> [What to do]: Print a faithful copy of the data below, word for word, with the pictures left out.

> [The data]:
++++++

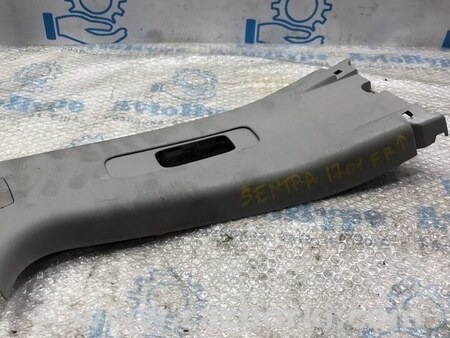 ФОТО Накладка центральной стойки верхняя (ремень) правая для Nissan Sentra B17 (12-19) Одесса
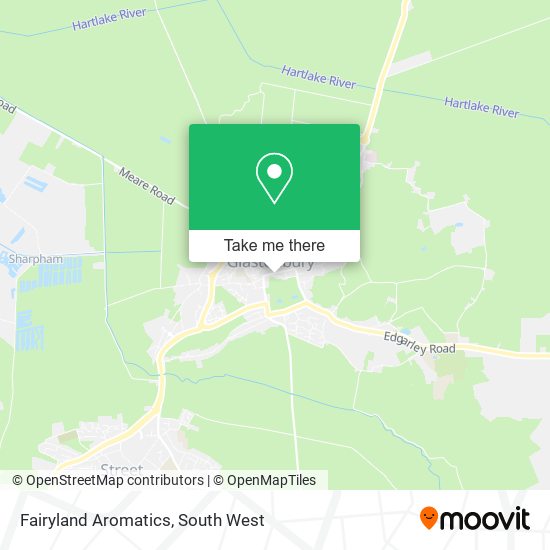 Fairyland Aromatics map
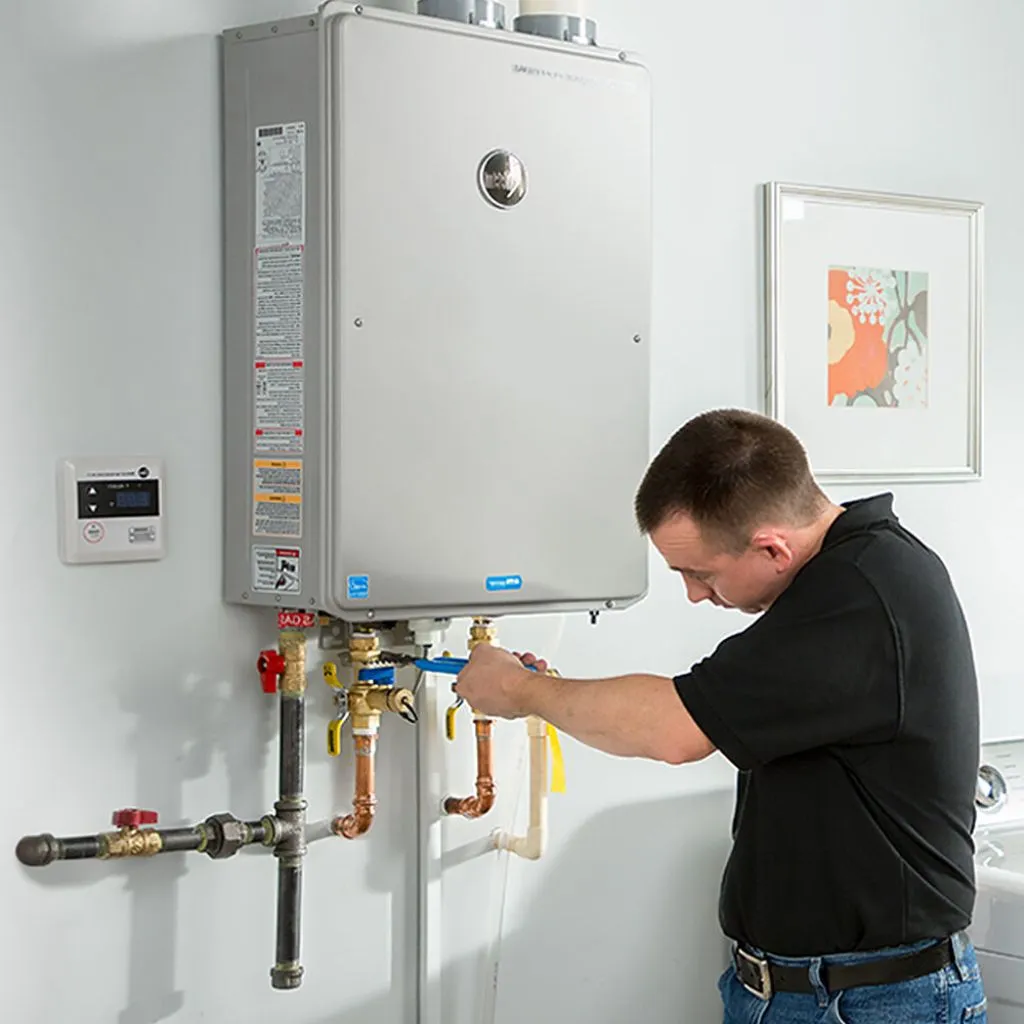 tankless water heater repair in Mayslick, KY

++++++

> [Response for this exercise]:
 ФОТО Накладка центральной стойки верхняя (ремень) правая для Nissan Sentra B17 (12-19) Одесса
 Fairyland Aromatics map
 tankless water heater repair in Mayslick, KY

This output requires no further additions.